═══ Raw data

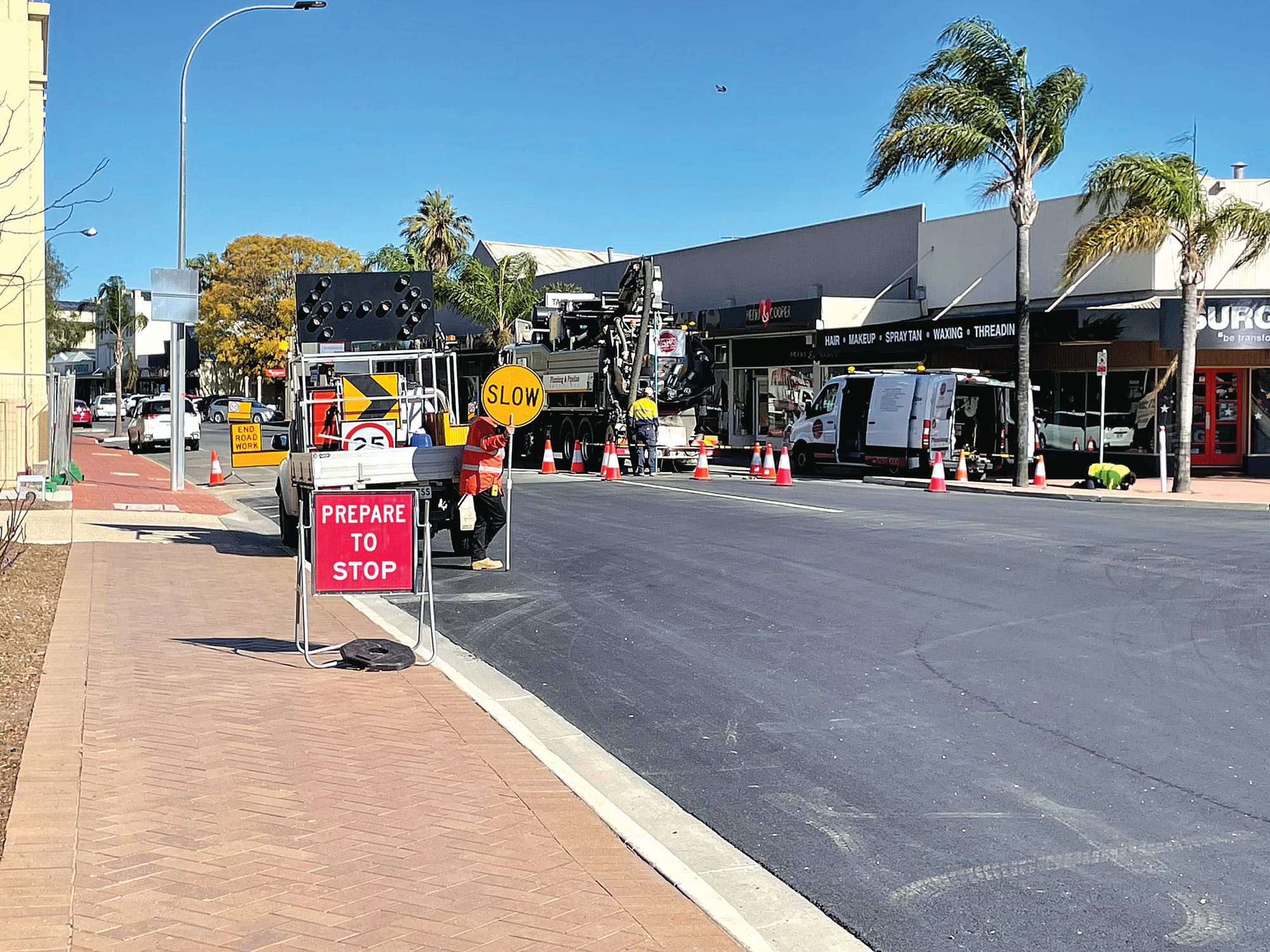 Works put road to one lane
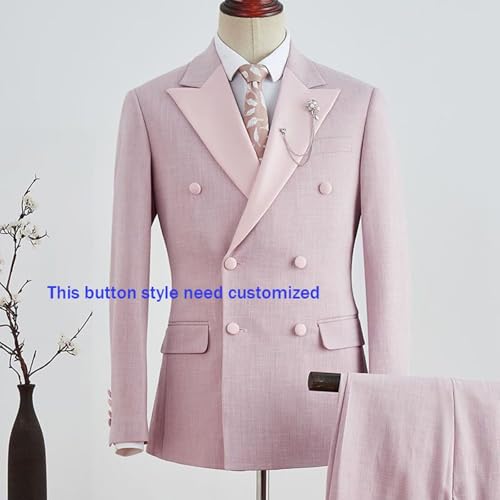 Double Breasted Mens Linen Suit 2 Piece Slim Fit Linen Suits for Wedding Groom Suit Peak Lapel Blazer Pants Sets2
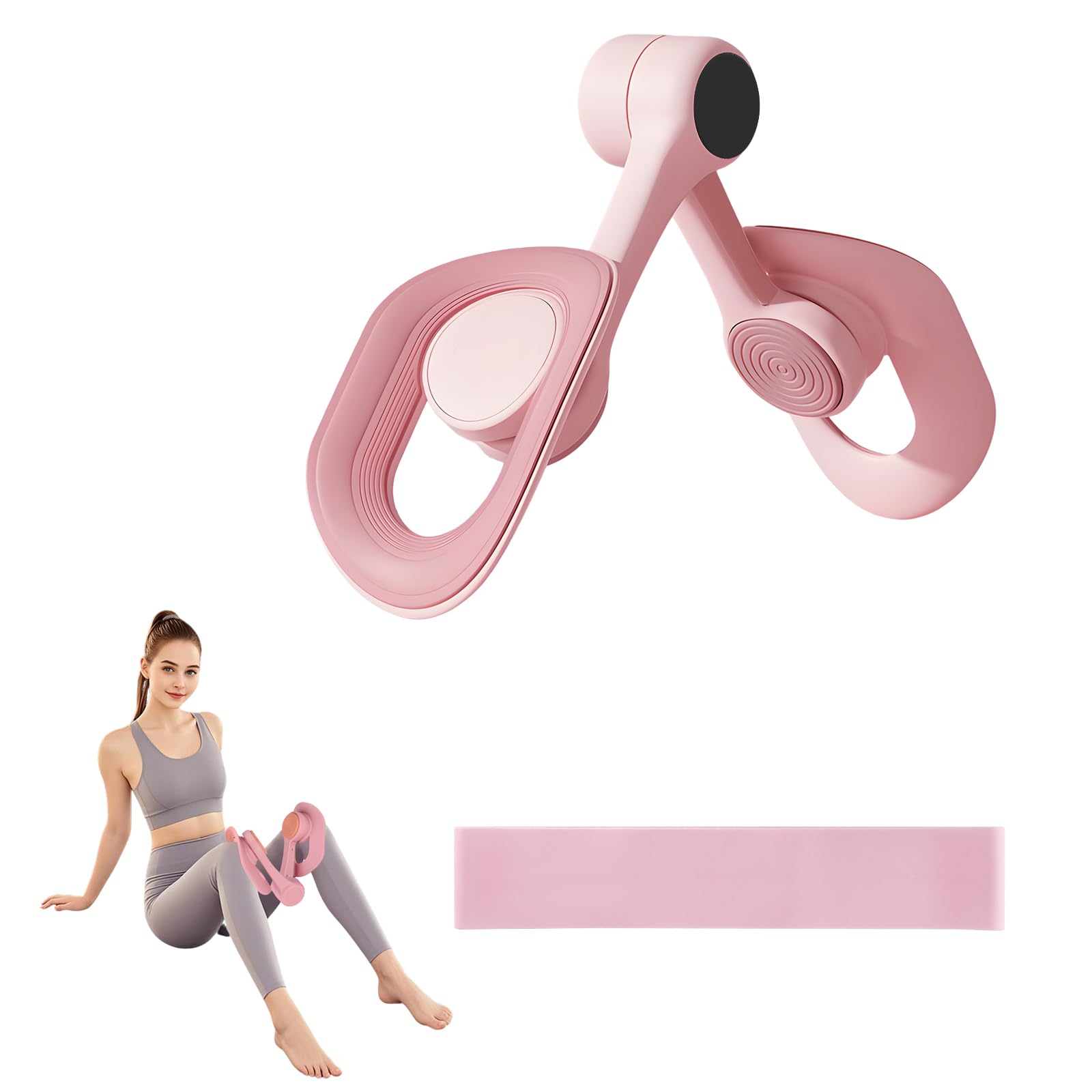 Beckenboden Trainingsgerät - Sportgeräte Zuhause zum Training der Oberschenkel, Oberschenkeltrainer mit Anti Rutsch Design, Postpartum Beckenbodentrainer mit Einem Elastischen Stretchband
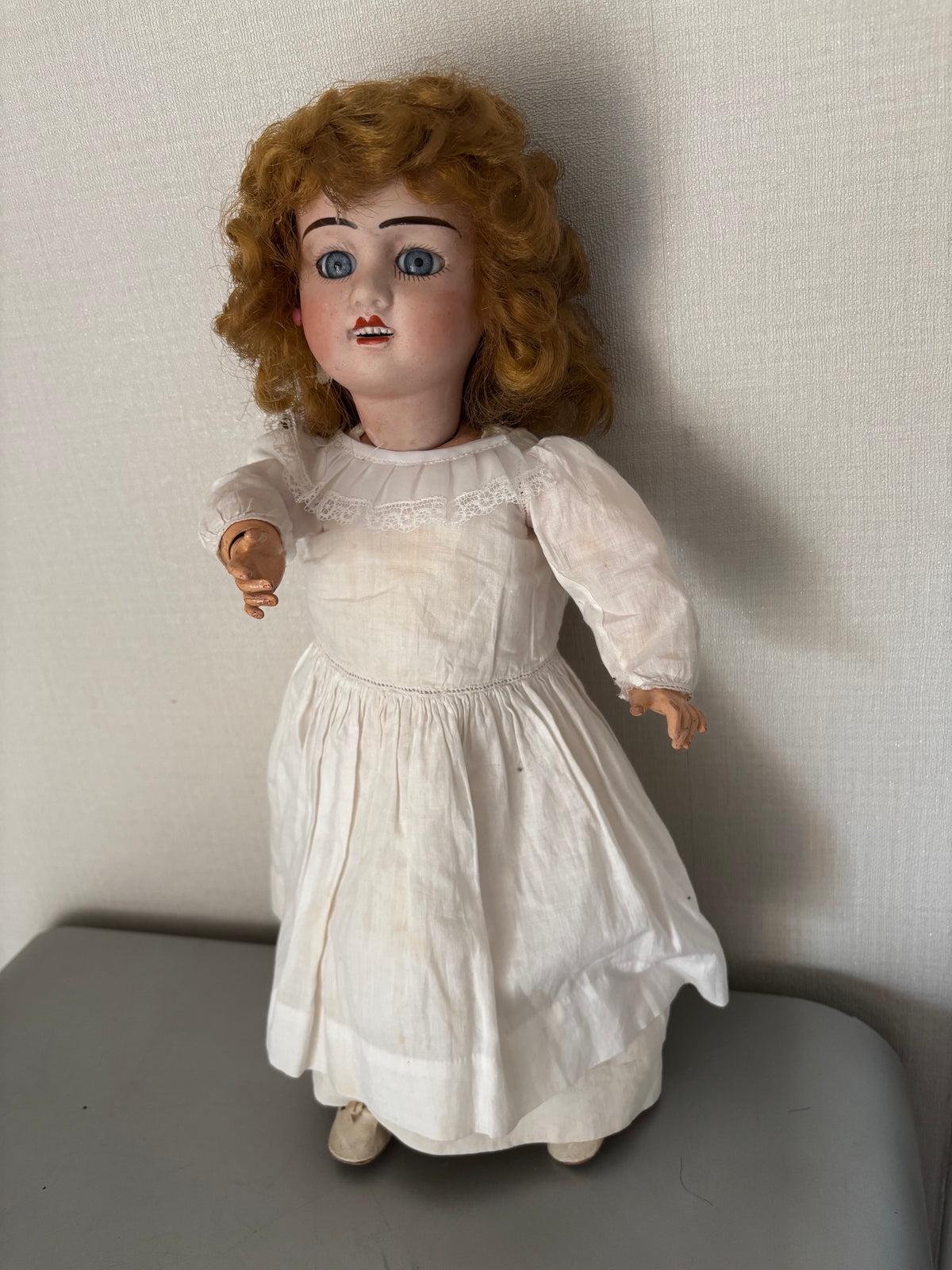 Poupée Ancienne en Porcelaine Jules Verlingue 45 cm (c. 1915-1920) – "La Petite Française" Taille 6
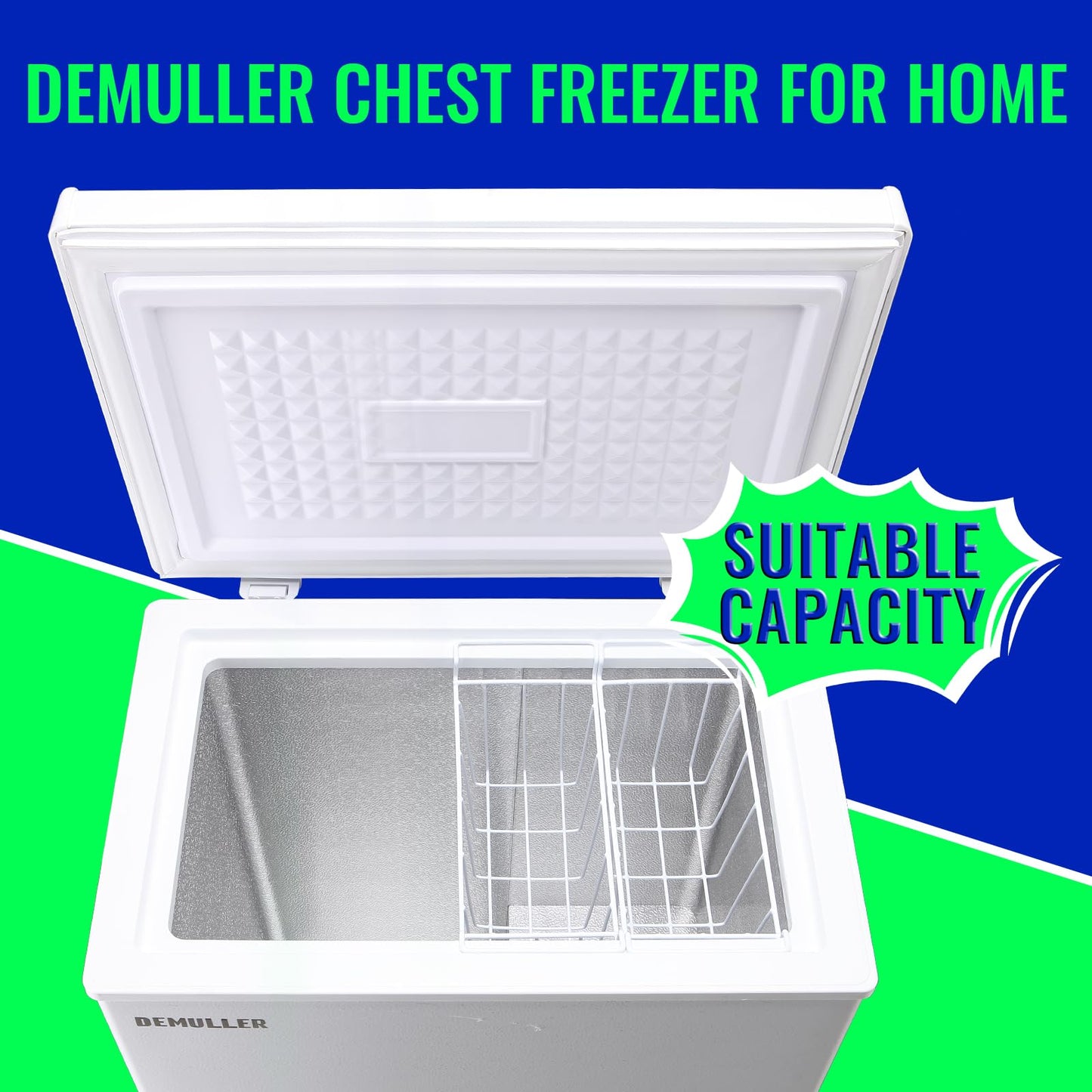DEMULLER 3.5 Cu.ft Chest Freezer with Electronic Panel, Accurate Temperature Display to 1 ℉, White Deep Freezing Machine with 2 Removable Baskets, Compact Size for Any Space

══════

## [What to do]
Lines from the one containing "Double Breasted Mens" through the end of the material above must be reproduced exactly; pictures must not be.

## [Output for this task]
 Double Breasted Mens Linen Suit 2 Piece Slim Fit Linen Suits for Wedding Groom Suit Peak Lapel Blazer Pants Sets2
 Beckenboden Trainingsgerät - Sportgeräte Zuhause zum Training der Oberschenkel, Oberschenkeltrainer mit Anti Rutsch Design, Postpartum Beckenbodentrainer mit Einem Elastischen Stretchband
 Poupée Ancienne en Porcelaine Jules Verlingue 45 cm (c. 1915-1920) – "La Petite Française" Taille 6
DEMULLER 3.5 Cu.ft Chest Freezer with Electronic Panel, Accurate Temperature Display to 1 ℉, White Deep Freezing Machine with 2 Removable Baskets, Compact Size for Any Space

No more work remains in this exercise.